━━ DATA SHOWN ━━
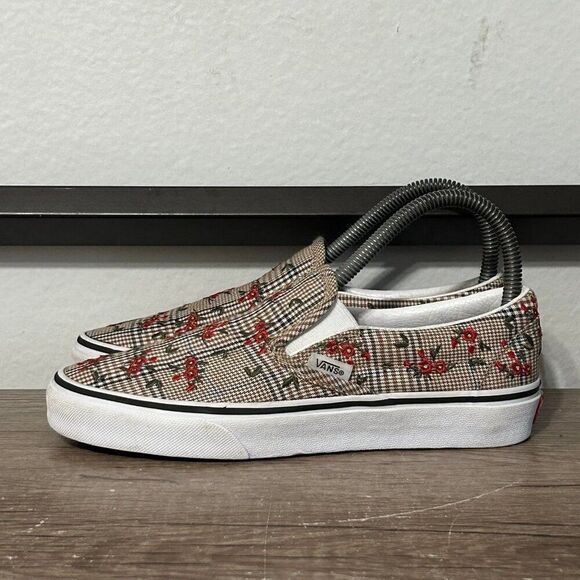 Vans Shoes - Vans Classic Slip-On Women’s Shoes Size 6 Beige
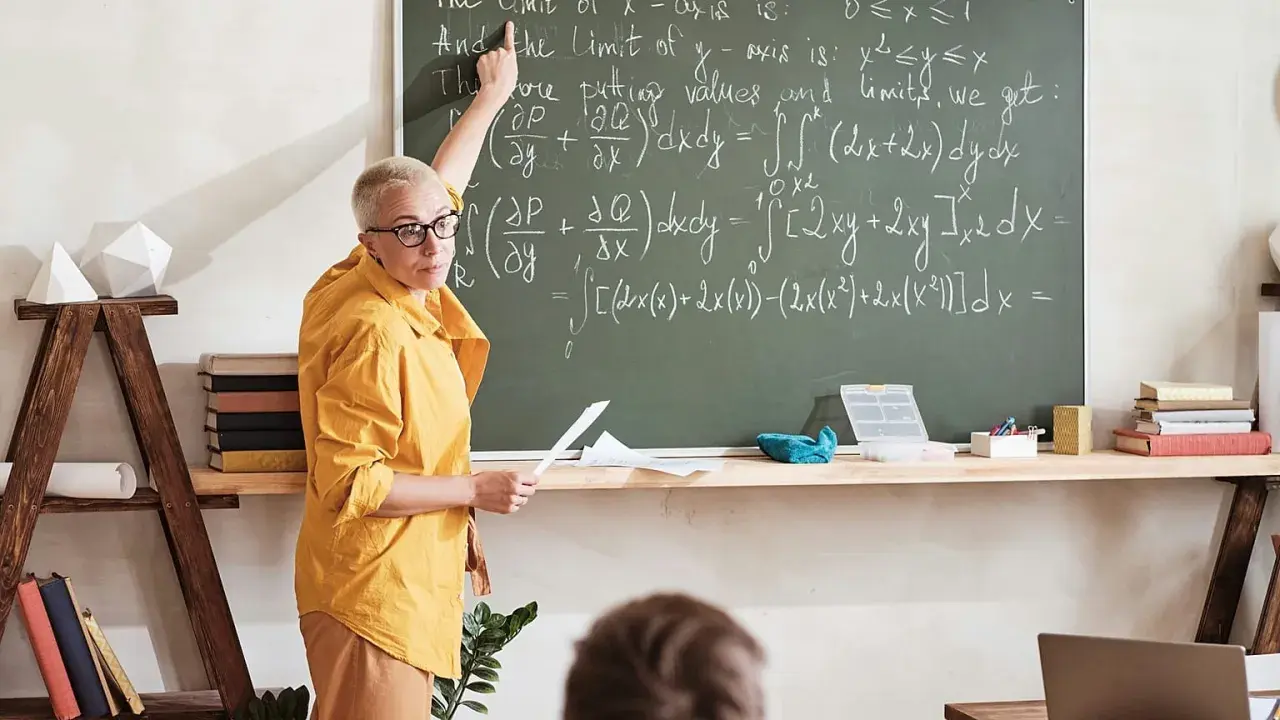 Nauczycielka matematyki w Finlandii tłumaczy skomplikowane wzory. Ciekawe, ile zarabia nauczyciel w Finlandii za taką pracę?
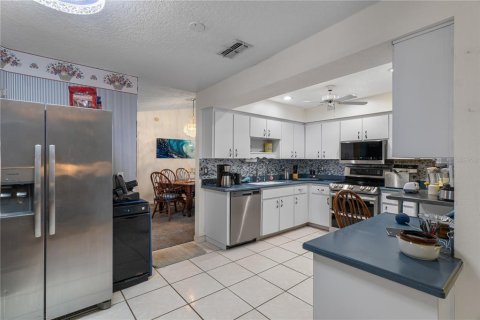 House in Spring Hill, Florida 2 bedrooms, 144.28 sq.m. № 2362470 - photo 16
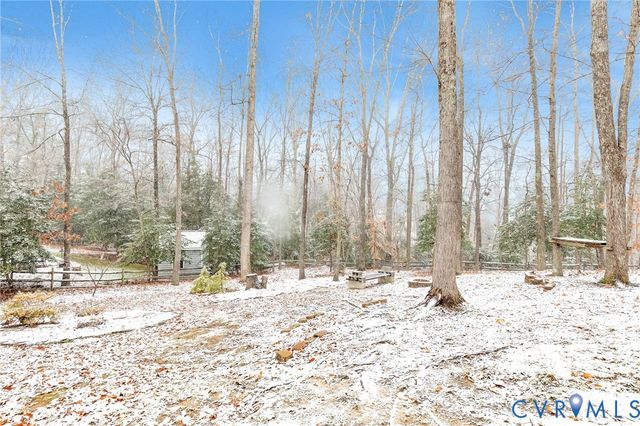 11162 Manor View Dr, Mechanicsville, VA 23116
━━━
PROBLEM DESCRIPTION = Please restate the data word for word, leaving out any picture it holds.

TASK OUTPUT =
 Vans Shoes - Vans Classic Slip-On Women’s Shoes Size 6 Beige
 Nauczycielka matematyki w Finlandii tłumaczy skomplikowane wzory. Ciekawe, ile zarabia nauczyciel w Finlandii za taką pracę?
 House in Spring Hill, Florida 2 bedrooms, 144.28 sq.m. № 2362470 - photo 16
 11162 Manor View Dr, Mechanicsville, VA 23116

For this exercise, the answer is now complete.